Landing at Honolulu’s airport plunges you into the urban jungle, but relax, it’s still Polynesia. Even among downtown high-rises, you’ll find capital-city power brokers in breezy aloha shirts. By day, inspect royal feathered capes and ancient temple carvings, then swizzle mai tais while slack key guitars play at Waikiki Beach after dark.
There’s another side of the island: the ‘country,’ where farms and dirt roads lead deep into a Hawaiian heartland. On some wild, rugged and nearly deserted beaches, sea turtles still outnumber surfers. Set your watch to island time as you cruise past the Windward Coast’s emerald valleys, rustic ranches and roadside shrimp trucks, or lose yourself on the rural Wai’anae Coast.
Don’t dismiss Oʻahu as a transit point en route to the Neighbor Islands. Take a closer look and you’ll uncover a lifetime of adventures.
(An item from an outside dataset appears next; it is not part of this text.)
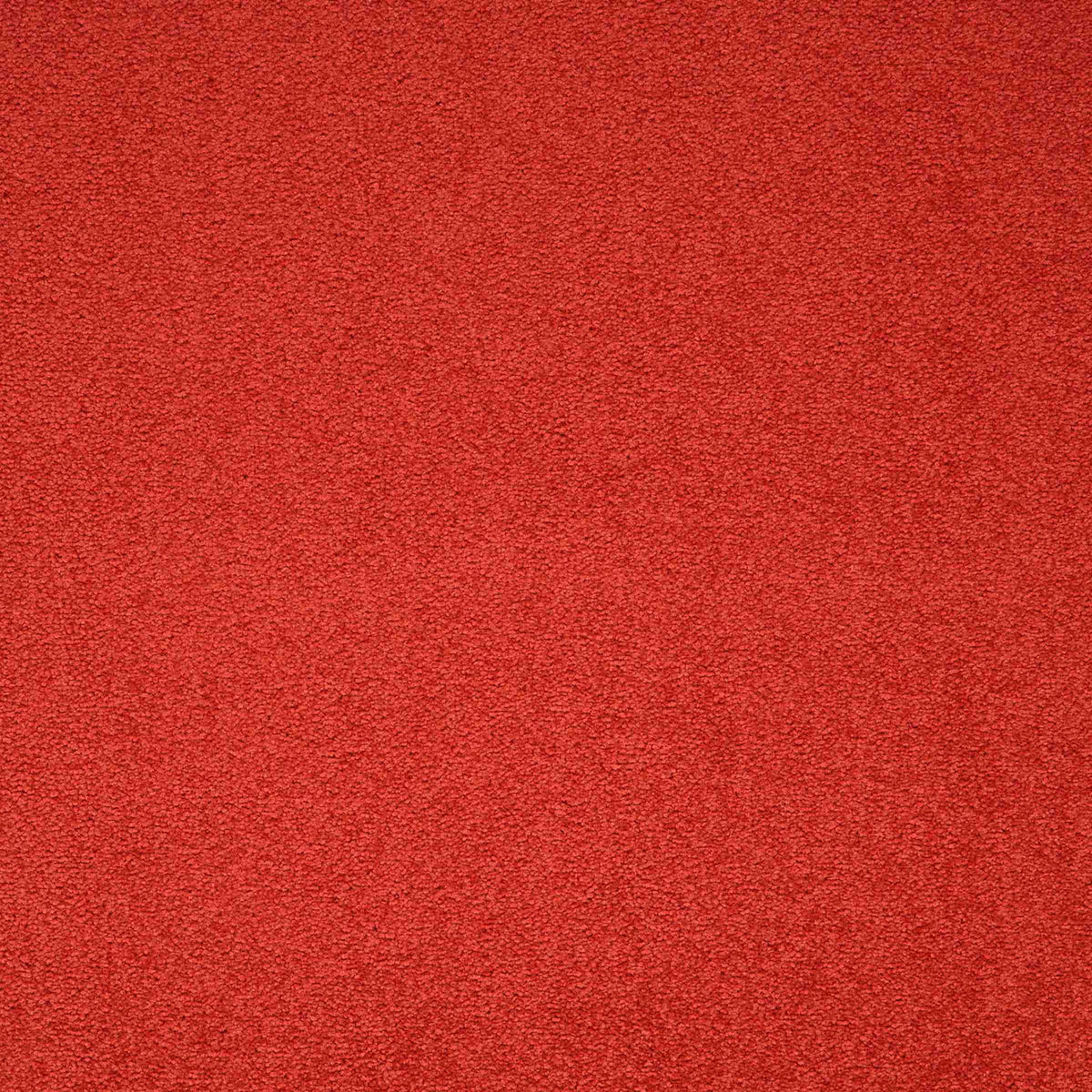 Maestro Hot Paprika carpet tile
Surf the Banzai Pipeline’s giant waves, hike atop knife-edged pali (cliffs), dive in Hanauma Bay’s giant fishbowl, windsurf or kayak to uninhabited islands off Kailua Bay, and be back in Waikiki for sunset hula. No worries, brah.
Oʻahu, like Honolulu-born President Barack Obama, is proud of its multicultural heritage. The nerve center of the archipelago brings you face to face with Hawaii as it really is, not just a postcard fantasy. All over this island, nicknamed ‘The Gathering Place,’ pulses the Hawaiian lifeblood, from ancient heiau (stone temples) to sacred hula dances and chants. Boisterous festivals keep diverse traditions alive.
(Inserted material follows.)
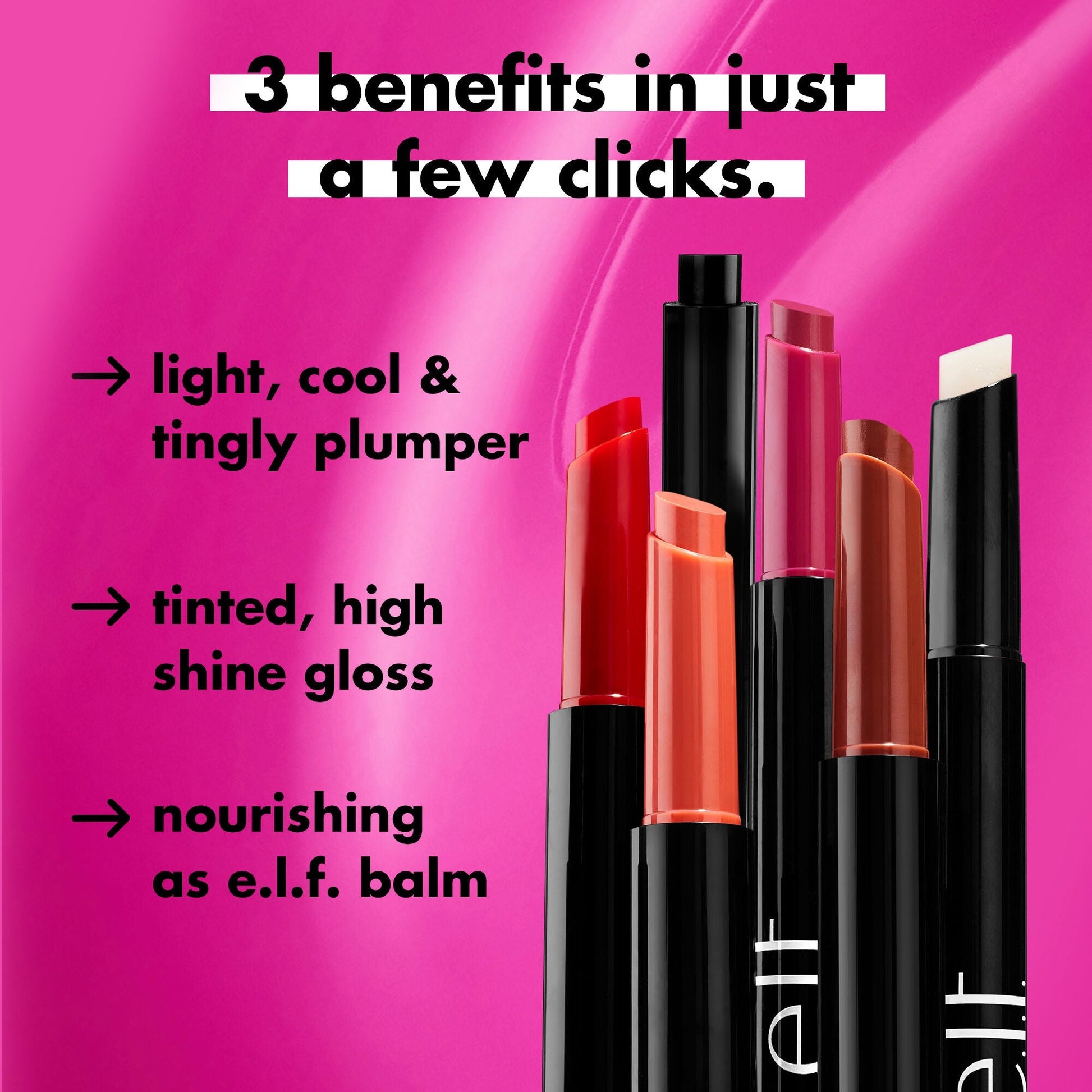 pout-clout-lip-plumping-pen-v5 1123_EDUCATION_POUT_CLOUT_PRODUCTINFO_207276bc-d059-47fb-8011-d1020b0a93c3.jpg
Spam, surfing, hula, pidgin, rubbah slippah – these are just some of the touchstones of everyday life floating in the middle of the Pacific Ocean. People are easygoing, low-key and casual, bursting with genuine aloha and fun. You’ll feel welcome whether you’re a surf bum, a honeymooner or part of a big ʻohana (extended family) with grandparents and kids tagging along.